TPM: With its very low rate of financial inclusion, is Mexico better placed than more mature markets, like the United States or Europe, to take advantage of a new fintech ecosystem?
JM: From our perspective, the answer is yes. There’s actually a target out there, to go from 40 per cent financial inclusion to 60 per cent in the next 10 years, and a big part of that is the technology, and how people use technology. Mexico is one of the countries in Latin America that has a larger penetration of mobile phones.
The other aspect is the make-up of the population. We have a very young population coming into their economically active years. That’s also very important, when you compare it to Europe especially.
And the other factor is the rise of people working remotely. An increasing number of people are in the gig economy, not only in delivery and driving, but also in design and finance work, and that’s growing. They too need to be financially included to get paid and to able to pay others.
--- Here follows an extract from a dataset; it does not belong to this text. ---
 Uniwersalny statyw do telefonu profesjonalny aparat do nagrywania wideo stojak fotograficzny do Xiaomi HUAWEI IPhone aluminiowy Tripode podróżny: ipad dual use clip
TPM: How do the new digital technologies propel financial inclusion and new financial services for customers in Mexcio?
JM: The established players in the ecosystem are trying to improve their offering to the market, to bring in more people. On the other side, the companies that are fintech by design have very targeted offerings for customers. For example, there are neobanks targeting young people and fintechs targeting people in the informal economy and trying to bring them into the formal economy through improved offerings and by making them feel safe in the way that their money is secured, stored and moved easily.
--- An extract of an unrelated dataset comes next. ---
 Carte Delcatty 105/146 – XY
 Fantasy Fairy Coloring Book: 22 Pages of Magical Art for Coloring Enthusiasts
TPM: As more financial institutions plug in and play with the fintechs that typically don’t have the customer base or the regulatory insight, how critical will the role of enablers be?
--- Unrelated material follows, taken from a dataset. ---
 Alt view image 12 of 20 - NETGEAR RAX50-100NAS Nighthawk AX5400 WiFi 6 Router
JM: Large banks want to work with fintechs, especially when they find that they can do something really fast which would otherwise take them a lot of time. Now, the size of banks and the projects they’re doing don’t always allow them to open up to all the fintechs that want to work with them. That’s where enablers can play a big role – in helping banks to open up and helping the ecosystem to innovate faster. So, enablers will play a critical role in the years that financial institutions will take to build a new financial infrastructure, compared to the amount of resources that fintechs would have to put in to develop it. This time and resource is better used in developing the core businesses of the institutions or fintechs, whether it is lending, debit card, credit card, or whatever they’re doing. That’s where I see the enablers coming in.
TPM: What can fintechs and financial institutions gain from all the new data that is being obtained through digitisation?
JM: More data in the ecosystem is better for the consumer because, at the end of the day, the most important thing should be the consumer. If you have all the information, you can develop better products that are more targeted to your consumers’ needs. For financial institutions, the data can help to improve all their risk modelling with more precise information than what they have today, and that should enable better services and products for the consumer.
TPM: How can Belvo contribute in the journey towards open banking and interconnecting fintechs and large financial institutions?
JM: At this point, I think a lot of ‘open banking’ is in conversations. At Belvo, we see ourselves as enablers of that connection between large banks and new fintechs, helping both sides to collaborate and making the ecosystem friendlier for consumers. We see ourselves as a bridge between financial institutions and fintechs.
We believe that we are building the infrastructure that’s needed for fintechs to be able to access their customers’, or prospective customers’, financial data. At the same time, we are allowing for banks to share information and access information in a way that’s going to be more useful and make it cheaper and faster for them to develop better services and improve their risk models.